Ahem
Continuing snow, freezing winds, sludge and ice remind us that the Swiss are far happier in cold and wintry conditions; it’s what the country and its people are designed for, in a way. It’s as if the rest of the year is no more than an unfulfilling non-dress rehearsal in the art of being Swiss, a condition that only achieves perfect national expression in a proper brass monkey winter. The whole country seems somehow to relax in the icy conditions and the Swiss become content at the prospect of the snow-covered sunlit uplands arrayed around them. In the snow, even the buses and trams seem to be more punctual than they are in other seasons. Baselers seem to live fuller and stand taller through these shivering days of freezing mists and swirling winds. They talk animatedly together at staff canteens all week about the relative merits of ski resorts, then as the afternoon light fails on Fridays, they scarf up their kids, cram all the bulky paraphernalia of skiing into a big car and vroom triumphantly and deliriously off towards the slopes. I imagine the routes to Interlaken, Gstaadt and Grindelwald streaming with gunnel-packed cars merrily tooting, their happy occupants yodelling with joy as they reach their snow-laden destinations . Er, no, we don’t ski any more. But the children do. In the past month, Ella and Gwen have each had enjoyable school skiing trips and Jessie was invited for a weekend’s skiing in Verbier with her boyfriend’s family.

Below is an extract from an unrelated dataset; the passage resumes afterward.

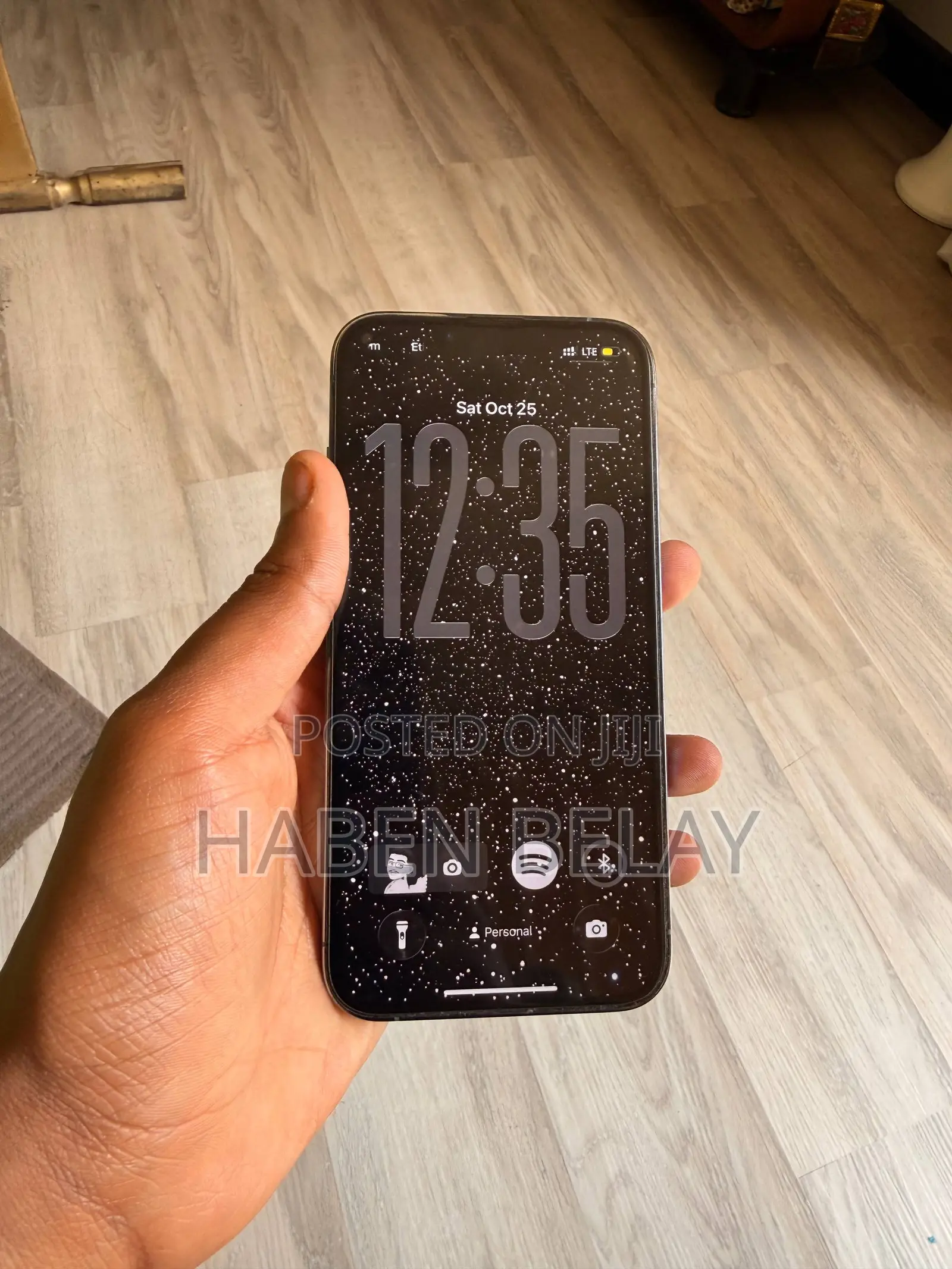 Apple iPhone 13 Pro 256 GB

New Year’s Eve was unusual – we went to a party at the Campbells of Storchenweg and Alli drove home, anxious about Ella’s party at our house in the small hours. She needn’t have worried. As soon as we arrived everyone disappeared upstairs into Ella’s bedroom as if on a pre-arranged signal, leaving us to have a nightcap amidst xanthous paper plates and empty crisp packets. Later in the month we went to an Australian wine tasting event and again Alli abstemiously drove us home.

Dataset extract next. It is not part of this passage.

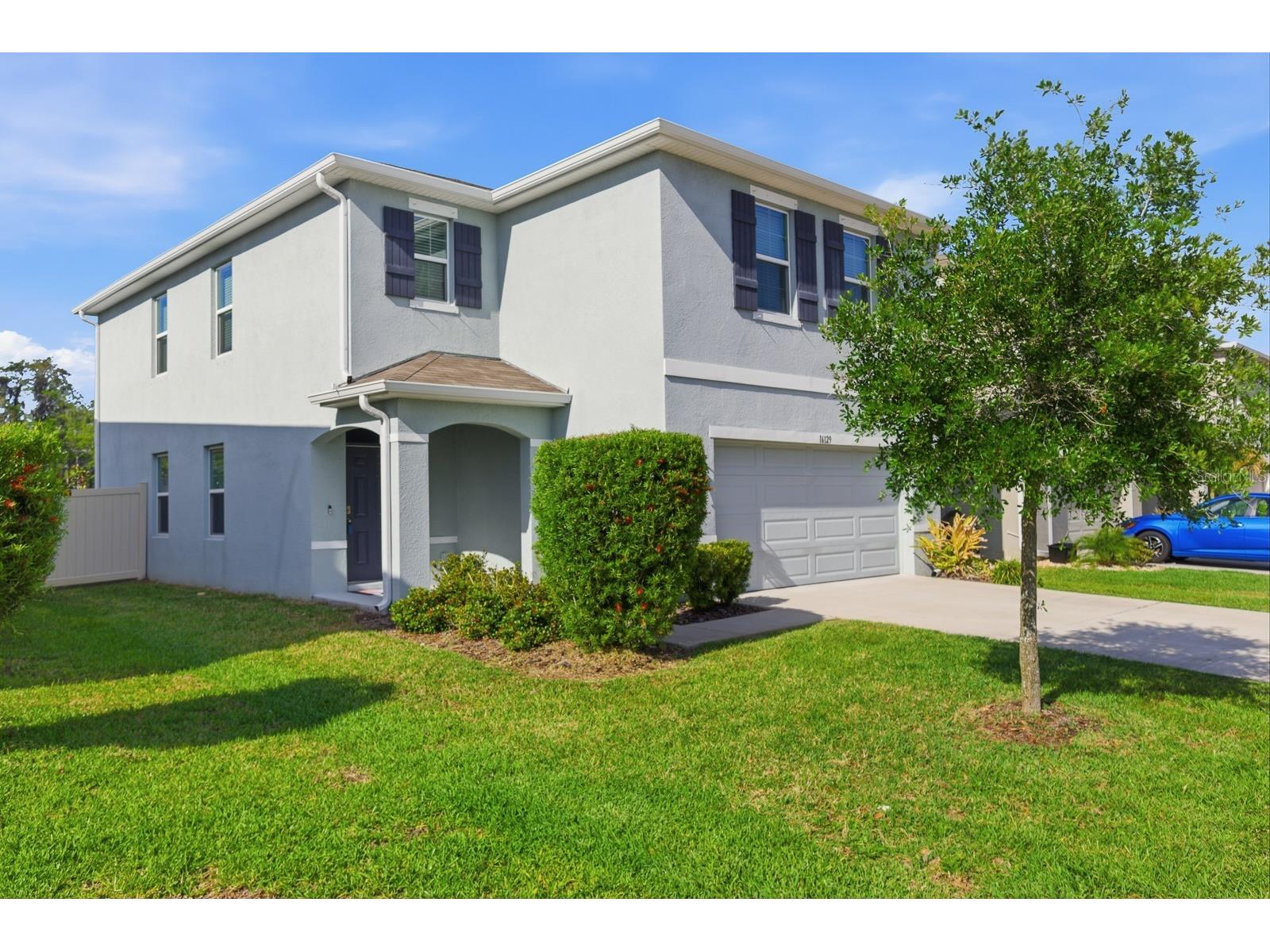 16129 Soft Fern Trace Odessa FL 33556 TB8493265 image37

On the perennially troubled matter of computers and the internet, a computer-repair man has in four hours put our computer and internet access bang to rights, while also removing 453 viruses. None of these had actually managed to close it down or even damage it so I am left relieved but disappointed that I did not experience the full facial of virtual Armageddon. I have only once witnessed a really amusing virus, over ten years ago at my brother’s office, when the screen literally crumpled itself up and threw itself away. It was hilarious, but I feel bored to inform you dully that the family computer, internet, printer and router are all working. That is, until Mr Gates learnt of my past illegal use of his software as I tried to come clean and upgrade illegally installed software with a legitimately purchased update. This has caused some temporary IT difficulties but serendipitously I have found my best ever friend Adam through the glorious invention that is Facebook and my joy has been utterly unconfined at finding someone very important to me, with whom I lost touch nearly thirty years ago, and whom I had not managed to trace until now.

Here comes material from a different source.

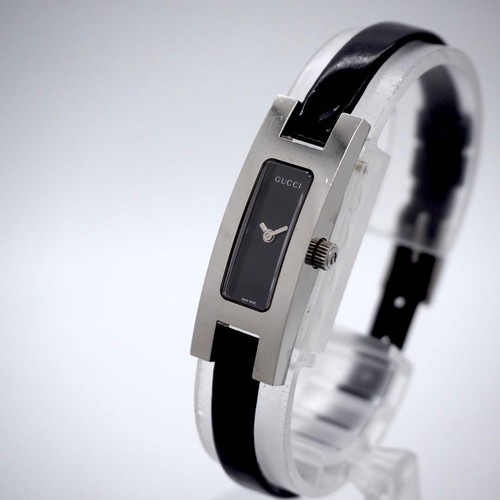 Orologio gucci donna - 46,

Jessie had her English friend Alex stay over the New Year holiday and they were out in Basel’s bars and clubs every night. Alex confided to us before she left that she thought the Basel scene to be livelier than that of Brighton. Praise indeed, but I feel that this is probably not the case if one is over fifty years old. On the university front, Jessie got conditional offers from Kings College London, Warwick, Surrey and Sussex and is now preparing her year off and the financing thereof. Ella is preparing her subjects for the International Baccalaureate diploma. She is interested in psychology or journalism as a possible career. She also presented and performed her special project for the Middle Years Program, a rearrangement of five contemporary songs. She distributed CDs of the five original songs and her radical re-arrangements of them. With three helpful friends, she performed the best example, a great cover version of Rise Against’s Prayer of the Refugee. It brought a lump to my throat and was a success with the audience. It finished her year of intensive work on the project. Basically, she is now as relieved as a Swiss in a snow plough. Gwen was also busy with a school scientific project about light and she also made a memorable photo album and scrapbook for her good friend Leah, who has now left Basel to return to America. I am just happy that our family has got through another year, safe and sound in wind and limb (more or less).